Supplied material
--- START ---
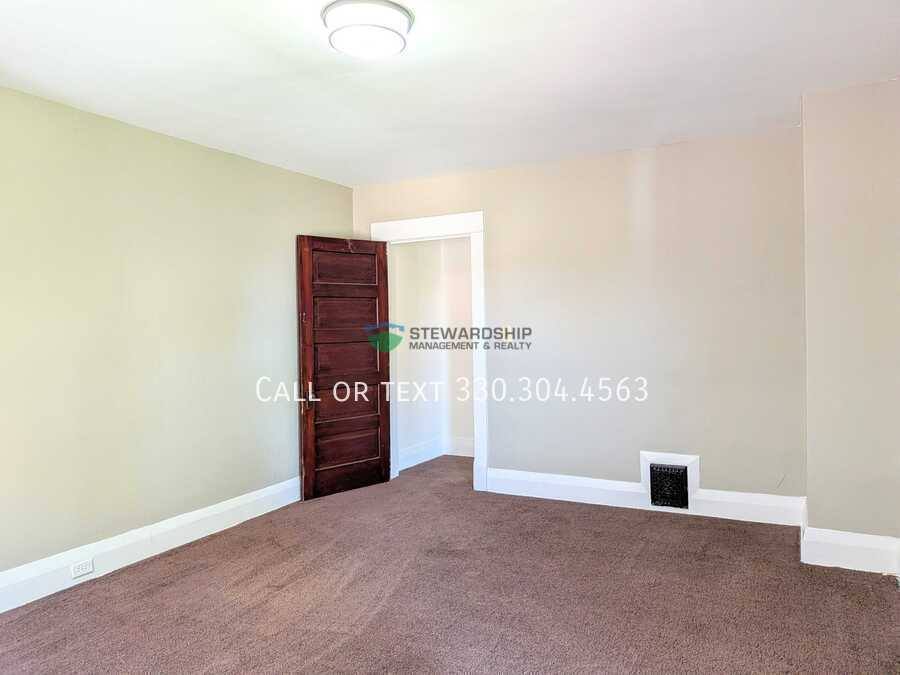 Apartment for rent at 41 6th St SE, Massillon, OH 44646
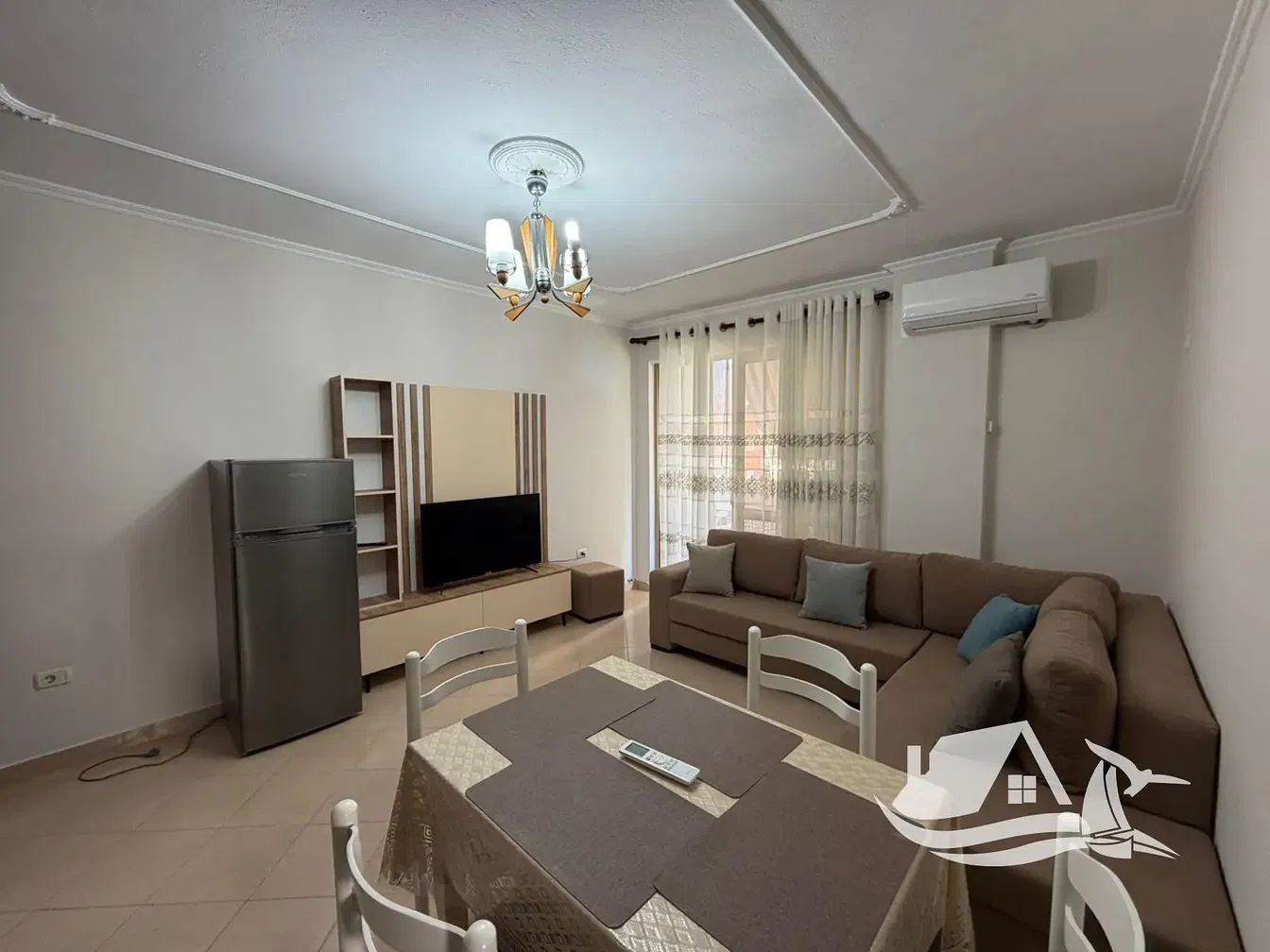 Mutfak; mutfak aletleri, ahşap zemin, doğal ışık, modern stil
--- END ---
--- START ---
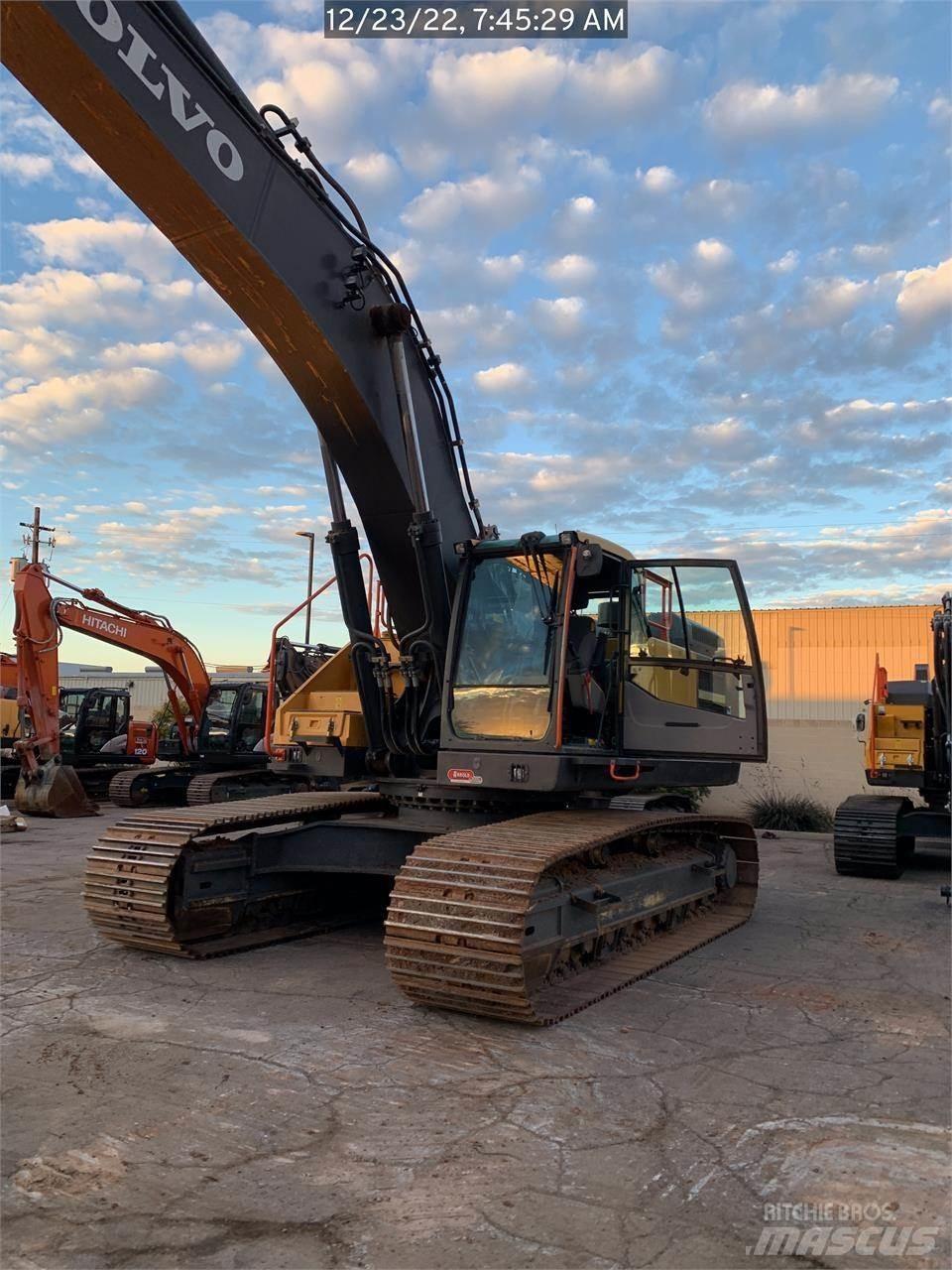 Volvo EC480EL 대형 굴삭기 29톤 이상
--- END ---
--- START ---
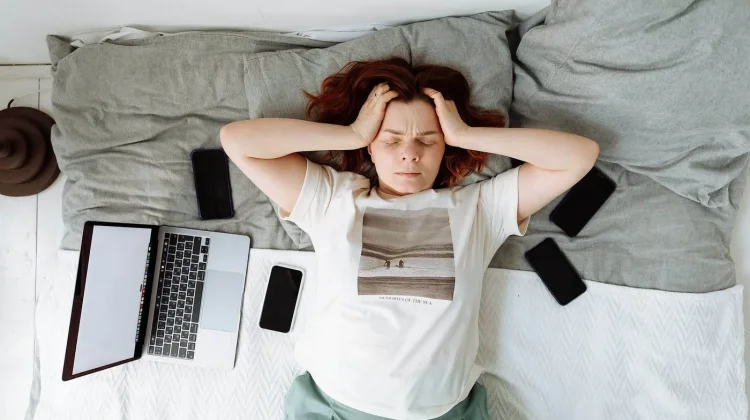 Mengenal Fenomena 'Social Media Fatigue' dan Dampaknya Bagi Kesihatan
--- END ---
Copy word for word only the lines above from the one with "Apartment for rent" through the one with "Mutfak; mutfak aletleri, ahşap". Leave pictures out.

Solution
 Apartment for rent at 41 6th St SE, Massillon, OH 44646
 Mutfak; mutfak aletleri, ahşap zemin, doğal ışık, modern stil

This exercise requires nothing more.